Despite Derby’s local economy being guided by some of the globe’s most well-established companies, the tech city also maintains an impressive support base for new startups that cannot be rivalled. A grassroots enterprise hub, extensive Creative Industries Network, and the UK’s biggest rail forum, provide all-encompassing mentoring programmes to foster fresh business ideas – and construction is nearing completion on a brand-new, 250-acre entrepreneurial park that will be able to create 8,000 jobs within a new, tax-friendly enterprise zone.
Above all else, Derby’s startup potential stands out in terms of the city’s affordable cost of living, cheap virtual office rates and sky-high wages.
Some of our other top ten cities surprised us for different reasons.
In terms of launching a new company, Coventry stole the number seven spot on our list due to the impressive entrepreneurial network it has in place to foster young talent. Both of its universities work closely with local business forums to secure real experience for its graduates, commercial property rates are low at just £16 per square foot, and virtual office services are well below the UK average. Despite boasting a slightly higher cost of living, it’s also worth pointing out that Coventry maintains a very low crime rate for a city its size.
Meanwhile, for a city of almost 500,000, Liverpool offers a disproportionately low cost of living that should definitely be attracting would-be startup founders. Prime commercial real estate costs just £18.50 per square foot, with rampant availability. Meanwhile, accommodation prices are among the UK’s lowest – with the average two-bedroom property coming in at just £495 per month. Crime is relatively low, and childcare is below the UK average, too.

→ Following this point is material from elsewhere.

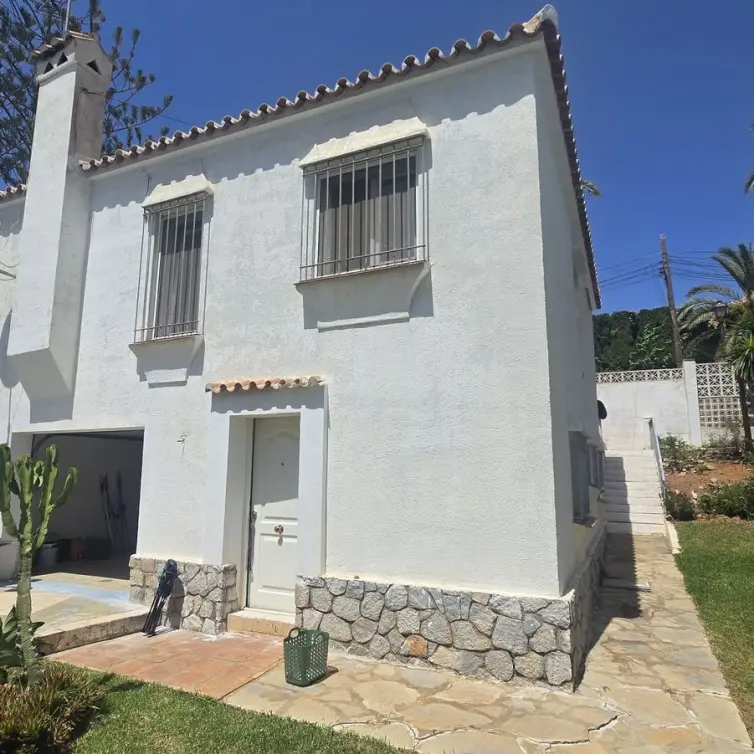 Sale of detached villa in Marbesa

Where should I not start a business?
Unfortunately, not every city can be a winner in terms of commercial potential. Some of the UK’s cities are simply too small, whilst others lack adequate technological infrastructure to support a new generation of up-and-coming companies. Worse yet, some cities simply maintain a sky-high cost of living that bootstrapping entrepreneurs cannot afford. So, which UK cities should aspiring business leaders avoid?
The bottom of the barrel
At the end of the day, one UK city has got to be named the country’s worst for starting a company. Thanks to a complete lack of business infrastructure, we’ve chosen Hereford as the absolute worst of the UK’s 69 cities in which to start a business.
In terms of commercial real estate, office space in Hereford is actually quite low at £12.10 per square foot; however, there just isn’t enough space to go around. Availability and selection are both poor. Moreover, virtual office prices are the UK’s most expensive after London and Edinburgh – yet without the benefit of choice and availability. Broadband speeds in the city are also slow at 9Mbps, and startups have limited access to region-specific grants.
Hereford isn’t alone. A vast majority of the UK’s small cathedral cities did not rank well as part of this study; however, there were a few surprises, too.
As the UK’s oil capital, many would expect Aberdeen to be one of the UK’s top destinations for new startups. But due to the city’s numerous industrial successes, the cost of starting and maintaining a company in Aberdeen has become simply untenable for many small business owners. That’s why it earned the number four spot on our list of places not to start a company in the UK – and is one of the worst in Scotland.
After London, Aberdeen offers the most expensive office space in the UK. It’s also the most expensive place to rent a two-bedroom home in Scotland, at an average £900 per month. Crime is relatively high in comparison to most Scottish cities, while the area’s average broadband speeds are surprisingly among the UK’s slowest.